• [INPUT RECORDS]:
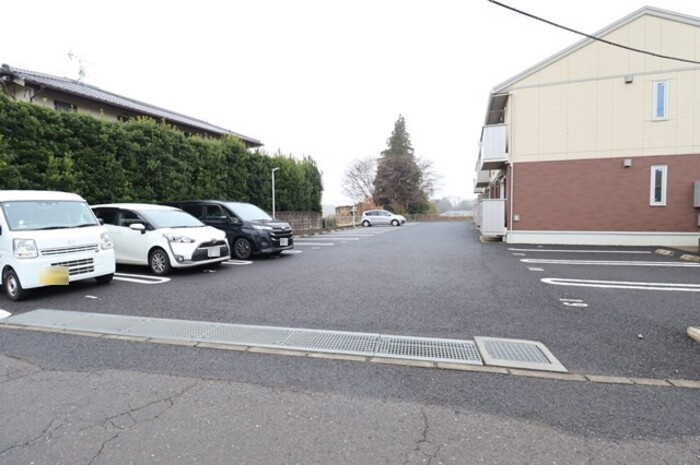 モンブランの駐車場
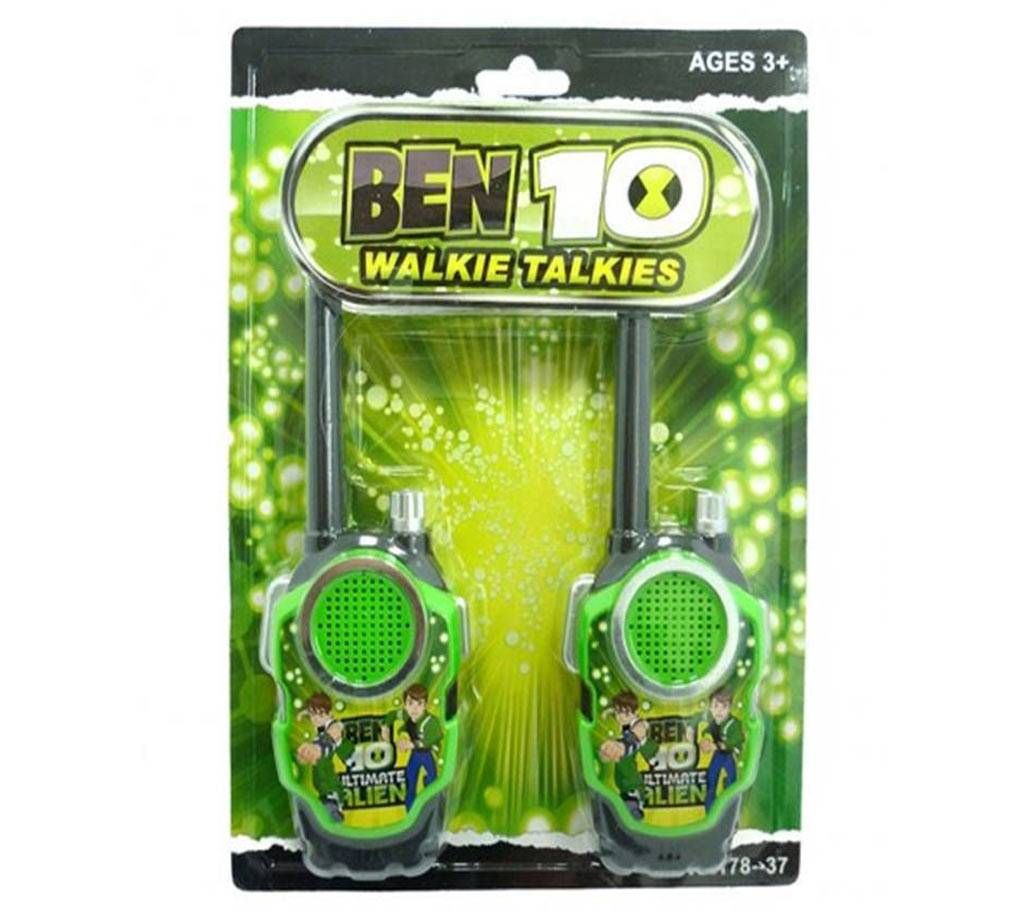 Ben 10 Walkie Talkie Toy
...
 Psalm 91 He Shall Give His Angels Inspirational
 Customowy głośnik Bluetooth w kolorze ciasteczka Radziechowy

• [THE PROBLEM]:
Among the records above, extract exactly the lines from the line with "Psalm 91 He" to the line with "Customowy głośnik Bluetooth", both lines included, and leave out the rest.

• [SOLUTION FOR THIS PROBLEM]:
 Psalm 91 He Shall Give His Angels Inspirational
 Customowy głośnik Bluetooth w kolorze ciasteczka Radziechowy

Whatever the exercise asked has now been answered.